Ringfort (Rath), Camp, Co. Kerry
Co. Kerry |
Ringforts
Beneath the floor of this early medieval enclosure, a passage continues into darkness that nobody has entered for a very long time.
The stone-lined depression visible just north of centre marks the opening of a souterrain, an underground chamber or tunnel, typically cut into the earth and lined with stone, used in early medieval Ireland for storage and possibly for refuge. At this particular rath on the western side of the Finglas river valley in Camp, that passage appears to run off in a north-easterly direction, but it is no longer accessible. What remains visible above ground is suggestive enough: a probable air-vent for the underground system still opens onto the outer face of the enclosing bank to the north-east, sitting roughly 0.6 metres above the present ground surface.

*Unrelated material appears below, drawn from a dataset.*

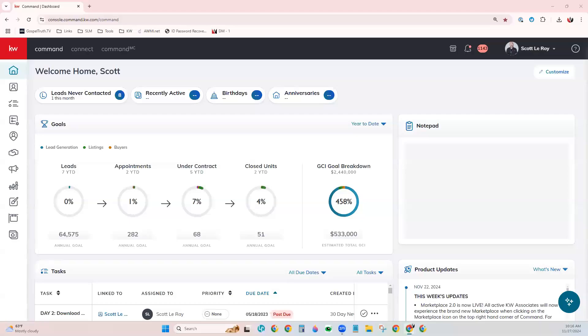Hi, this is Mandy with Scott LaRoy Marketing. I'd like to show you how to set up lead management rules within your command so that when you have a contact added to your command database...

The site is a univallate rath, meaning a ringfort enclosed by a single bank and ditch, a form of farmstead common across Ireland from roughly the fifth to the twelfth centuries. This one sits on an east-facing slope with clear sightlines along the valley in both directions and north towards Tralee Bay, a position that suggests whoever settled here was as interested in visibility as in defence. The enclosing bank is earthen at its core but faced on the interior with drystone masonry, which survives in places to a height of around one metre before giving way to sections of complete collapse. The external face varies considerably in height depending on the gradient: only 0.8 metres on the uphill side, but 2.3 metres where the slope drops away. There are two possible entrances through the bank. The more convincing of the two is a 2.1-metre break at the south-south-east; a gap to the north-west, where the stone facing turns outward to line the edge of the opening, is less certain. A field fence running along the crest of the northern sector has added to the confusion over time, with material collapsing inward and obscuring the bank's original profile. The site was documented by J. Cuppage in the 1986 Dingle Peninsula archaeological survey.